26.6. High Availability setup tutorial

26.6.1. Background
26.6.2. Getting started: Setting up a production cluster
26.6.3. Alternative setup: Creating a local cluster for testing

This guide will help you understand the ways to configure and deploy a Neo4j High Availability cluster. Two scenarios will be considered: The first will be configuring 3 instances to be deployed on 3 separate machines, in a setting similar to what might be encountered in a production environment. The second will modify the former to make it possible to run a cluster of 3 instances on the same physical machine, a setup most useful during development of applications on top of Neo4j.

26.6.1. Background

A Neo4j HA cluster consists of a set of running Neo4j Enterprise instances. Each instance must be assigned an integer ID, which serves as its identifier in the cluster.

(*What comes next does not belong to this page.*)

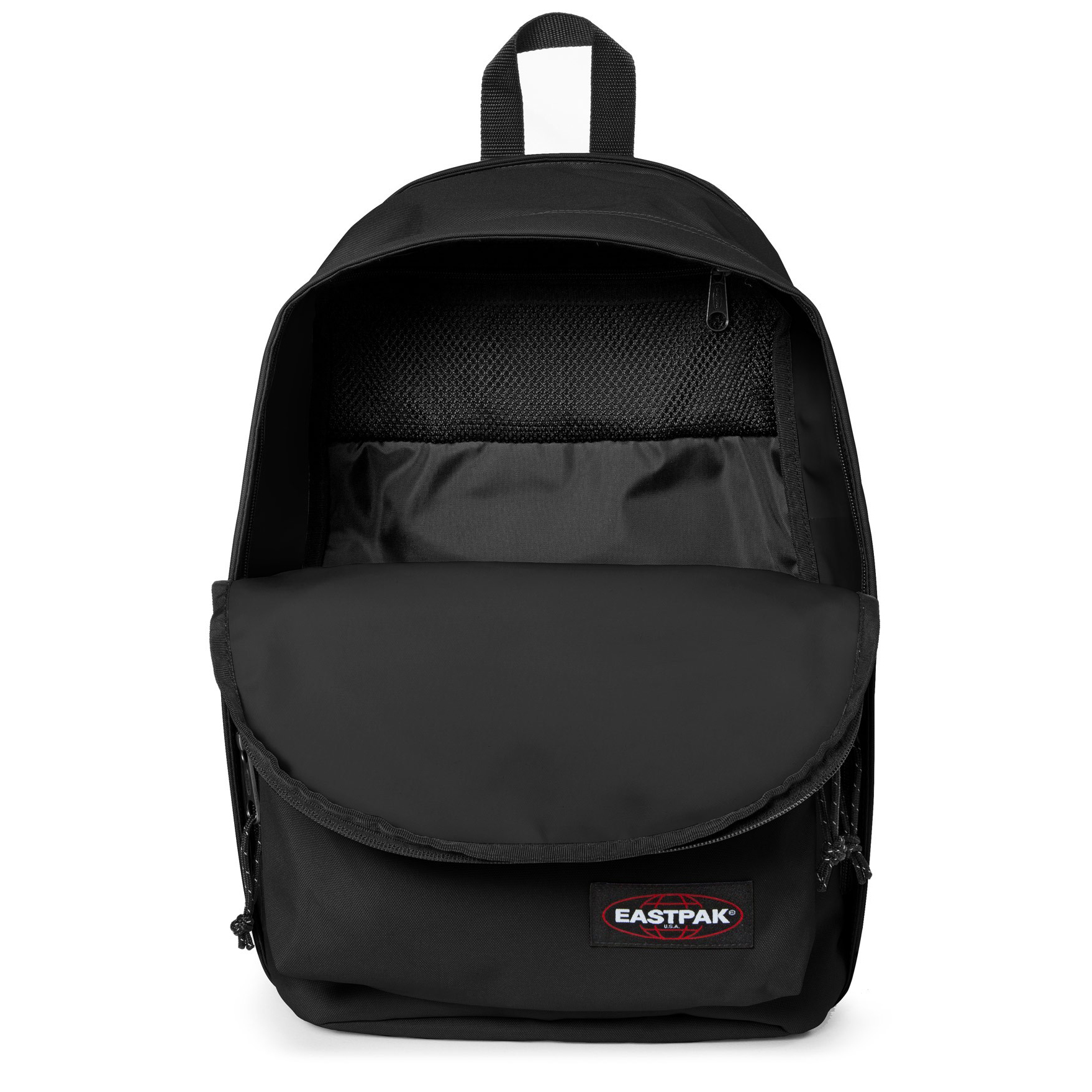 Mochila Eastpak Back To Work Black 43X29,5X25Cm Ek936008 ( Imagem 2 de 3 ) - Preview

At startup, a Neo4j instance contacts the other instances specified in the ha.initial_hosts configuration option. When it establishes a connection to any one of these, it determines the current state of the cluster and ensures that it is eligible to join the cluster. To be eligible the Neo4j instance must be hosting the same database store as other members of the cluster (although it is allowed to be in an older state), or be a new deployment without a database store.

First, let’s explain what settings exist and what values they accept.

ha.server_id

ha.server_id is the cluster identification for each instance. It must be a positive integer, unique among all Neo4j instances in the cluster.

ha.cluster_server

ha.cluster_server is an address/port setting that specifies where the Neo4j instance will listen for cluster communications. This is related with the ha.initial_hosts setting. The default is 0.0.0.0:5001, which is suitable for most deployments.

ha.server

ha.server is an additional address/port setting that specifies where the Neo4j instance will listen for content. It must be different from ha.cluster_server, typically with a different port. The default is 0.0.0.0:6361, which is suitable for most deployments.

ha.initial_hosts

ha.initial_hosts is a comma separated list of hostname/port pairs, which specify how to reach other Neo4j instances in the cluster (as configured via their ha.cluster_server option). These hostname/ports will be used when the Neo4j instances starts, to allow it up to find and join the cluster. Note the specifying the instances own address is permitted.

[Tip]Address/port format

The options ha.cluster_server and ha.server are specified as <IP address>:<port>. The IP address MUST be the address assigned to one of the servers network interfaces, or the value 0.0.0.0, which will cause Neo4j to listen on every network interface.

Either the address or the port can be omitted, in which case the default for that part will be used. If the address is omitted, then the port must be preceeded with a colon (eg. :5001).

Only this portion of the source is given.